A protest outside the Denver City and County Building on Friday, May 29, 2020. Protesters are calling for justice in the death of George Floyd.

DENVER (KDVR) — The City and County of Denver filed an emergency motion to modify a Temporary Restraining Order (TRO) that was approved by a federal judge on Friday.

The TRO restricts the Denver Police Department and any other agencies assisting from using projectiles and chemical weapons against peaceful protesters and requiring all officers to wear activated, constantly recording body cameras.

The TRO states that the use of chemical weapons or projectiles can only be approved by a rank of Captain or above and only “authorizes such use of force in response to specific acts of violence or destruction of property that the command officer has personally witnessed.”
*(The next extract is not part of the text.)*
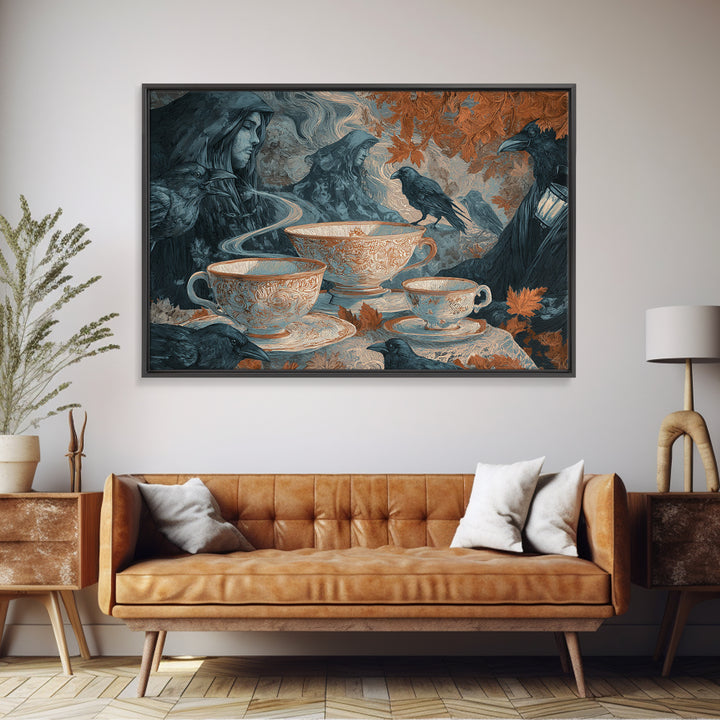 The Haunted Teacup Seance - Procession Scene, Macabre Halloween Art, Landscape Wall Art, Framed Canvas Print, Halloween Home Decor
The City and County of Denver are requesting this be amended to include Lieutenants as they cite “currently there are only four police officers with the rank of Captain and one Commander responsible for the downtown area.”

The modification states the protection of the officers and others involved may be compromised in dangerous situations without immediate direction from a commanding officer.

The other provision the City and County of Denver is requesting to amend is the requirement of all officers deployed to the demonstrations to wear activated body cameras that are recording at all times.

They are asking the court to amend due to the lack of such equipment available to other departments that are assisting the DPD with the protests.

The motion states: “The inability to use other officers to assist with crowd control and the protection of property against agitators who are not in Denver to engage in peaceful protest activities, but instead are present to engage in unlawful activities, including acts of violence or property destruction, puts the Denver Police Department at risk of having an insufficient number of officers on scene to adequately maintain the safety and security of peaceful protestors, property, and the officers themselves.”

As well, there are “technical limitations” for the aforementioned body cameras to continuously record and save for extended periods of time.